My point in bringing up Moore's novel is that it's a huge challenge to write a novel, and it's an extra challenge for people who mostly write short stories. Thus, one of my own obsessions with my novel-in-progress is that the story line be tight. I don't see novels as a long short story but, rather, a more complex story that is compact, even if it's hundreds of pages long.
My friend Dana Crowell wrote me today on this subject without my mentioning it. She said, "I have been so disappointed by ‘established writers' who receive excellent reviews yet their novels lack story." She goes on to criticize Moore's novel as well as Barbara Kingsolver's novel, Lacuna. Dana said, "A novel is story with narrative drive, tension, and structure where arc is crucial to success. One cannot just go on a comic rant for pages on end. Kingsolver has reached a point where I fear she has nothing to say. Thus, she falls back on history and non-fiction to carry her books which now read like didactic history lessons without art or purpose. Her book is a potpourri of styles, a failed epistolary novel, that lacks voice, characterization, structure, and more."

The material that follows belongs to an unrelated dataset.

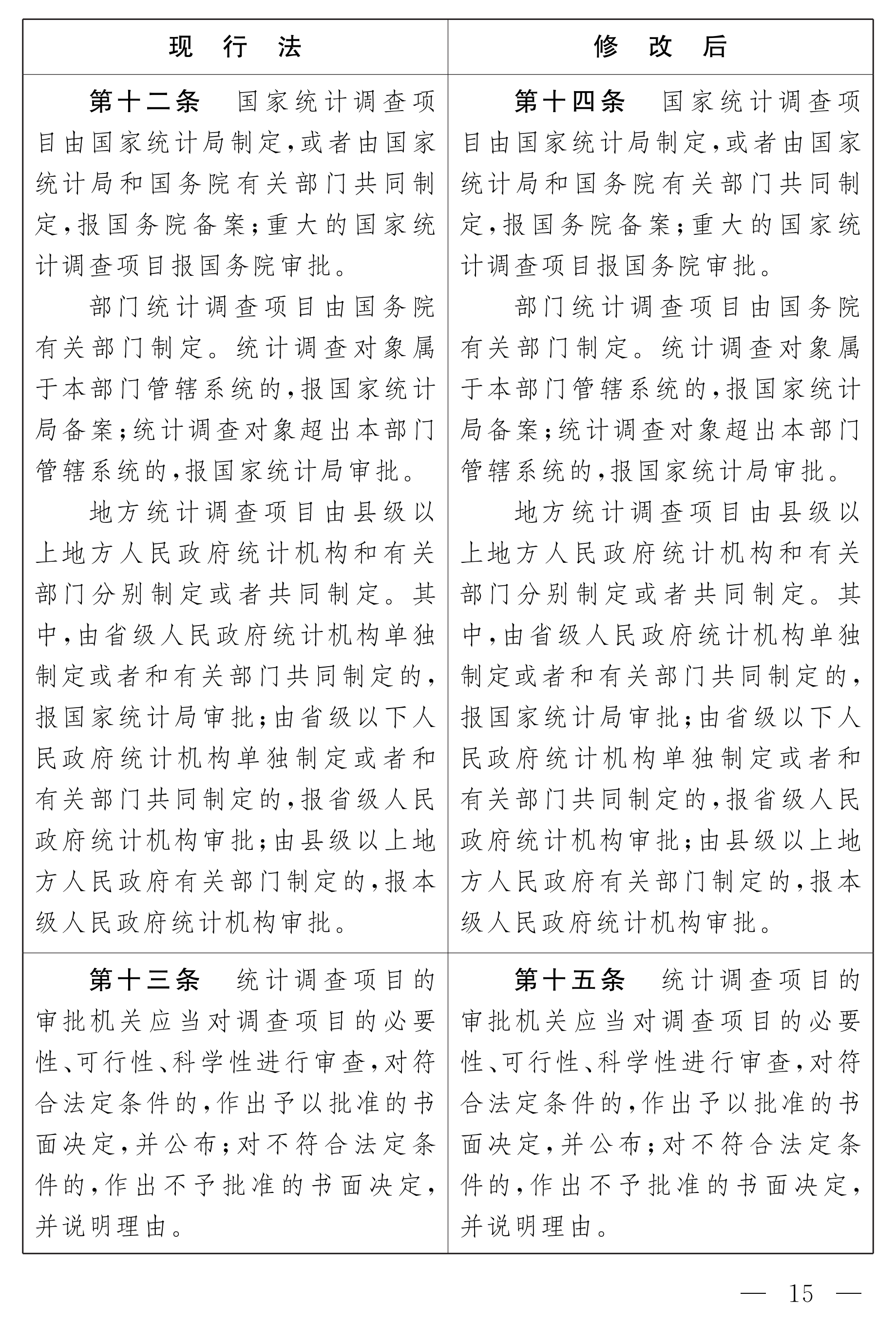 在线赌场排名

I happen to be writing a mystery. I'm doing so because a) I ran out of personal experiences to exploit and b) I'm fascinated that the form requires a tight structure. I figure what I learn in writing a mystery will help me in all my future novels, no matter the genre. I love the challenge, too.
I look forward to seeing what Red Room writers love about short stories. Some of America's greatest writers, such as Hemingway, Fitzgerald, Faulkner, and more modern writers such as Margaret Atwood, Joyce Carol Oates, T.C Boyle, and others can write tight short fiction as well as stunning novels. I want to do both. I'm not giving up short fiction.